Michel Nguyen est né l’année du dragon, cette créature puissante dont la charge symbolique est respectée dans toute l’Asie.

Le cadeau du père
Il arrive dans une grande famille, avant-dernier d’une fratrie de neuf enfants. « Ma mère était française. Elle voulait beaucoup d’enfants. Elle était très généreuse, on n’était jamais moins de vingt-cinq à table », se rappelle-t-il. Cette maison avait autre chose de particulier. « Il y avait des sacs de frappe partout pour qu’on puisse s’entraîner ». Nguyen Dan Phu, le père, n’était pas venu en France pour enseigner le viet vo dao ou diffuser cet art martial vietnamien aux occidentaux. Son savoir, acquis pendant sa jeunesse à Hanoï sommeillait en lui. Jusqu’au jour où, son fils aîné, rentre du cinéma stupéfait d’avoir vu des combattants d’arts martiaux casser des planches. « Mon père lui a répondu qu’il savait faire ça. »

Le père est devenu maître et a offert son art en cadeau à ses fils. Le jeune Michel a six ans lorsqu’il débute sa pratique.
Avec sept frères, les adversaires sont à portée de mains. Les années passent, l’heure des études arrive. Michel s’inscrit en fac de droit à Clermont-Ferrand. « En deuxième année, je constate que les études ne me passionnent plus. Je décide à ce moment-là de suivre la voie de professeur d’arts martiaux. Cela devient ma vie. À vingt ans, j’avais déjà quasiment quinze ans de pratique. Je n’avais travaillé qu’avec papa, je me suis donc ouvert à d’autres disciplines d’arts martiaux. »
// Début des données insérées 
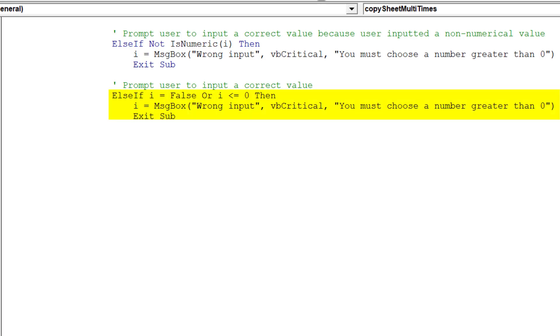This piece of code will act as an error handler too, if the user inputs no value or a negative value.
Un art martial n’est pas un sport, une simple activité physique, un défouloir pour brutes belliqueuses. Il est intrinsèquement lié à une culture, inscrit dans patrimoine de traditions de règles et de valeurs. Art de combat certes, mais art de vie. Jusqu’à la mort.

« Un art de vivre »
Michel Nguyen commence à son tour à l’enseigner dès 1974, son diplôme d’état en poche. « C’est une vie d’artiste. C’est un art de vivre. Le but est d’appliquer à l’extérieur ce que l’on apprend dans la salle. Le respect du partenaire, le développement de bons sentiments, la politesse et la volonté. Ces valeurs, il faut les vivre, tous les jours. On dépasse l’aspect technique, autrement cela ne fonctionne pas. »

En 1991, le maître Nguyen Dan Phu décide de formaliser cet héritage en créant neuf branches, pour la sienne et chacun de ses fils. Chaque enfant aura un nom de pratiquant et pourra enseigner à son tour, sa branche. La racine commune est thanh long, le dragon vert, le style du patriarche auquel est associé le nom du pratiquant. Michel est nommé Son Hai, la mer et la montagne.

Michel Nguyen a reçu de son père un enseignement tel que lui-même l’avait reçu, au Vietnam. L’apprentissage d’un unique geste. Des heures, des jours, des mois. Pour atteindre la perfection. « Dans l’esprit de mon père, on pratique jusqu’à la mort. Donc on a le temps ». Alors il a fallu transposer la méthode asiatique, l’acclimater. Réfléchir, élaborer une technique pour la rendre plus pédagogique et cartésienne pour le public, dans un dojo. Actuellement, toutes les écoles thanh long, incluant celles des frères, compte 1.500 élèves dont 180 ceintures noires.

La tradition des arts martiaux vietnamiens se perpetue dans la famille. Les deux fils, la fille et l’épouse de Michel, pratiquent et enseignent aussi le viet vo dao.

De nouveaux chapitres de l’histoire de la famille Nguyen sont toujours en train de s’écrire.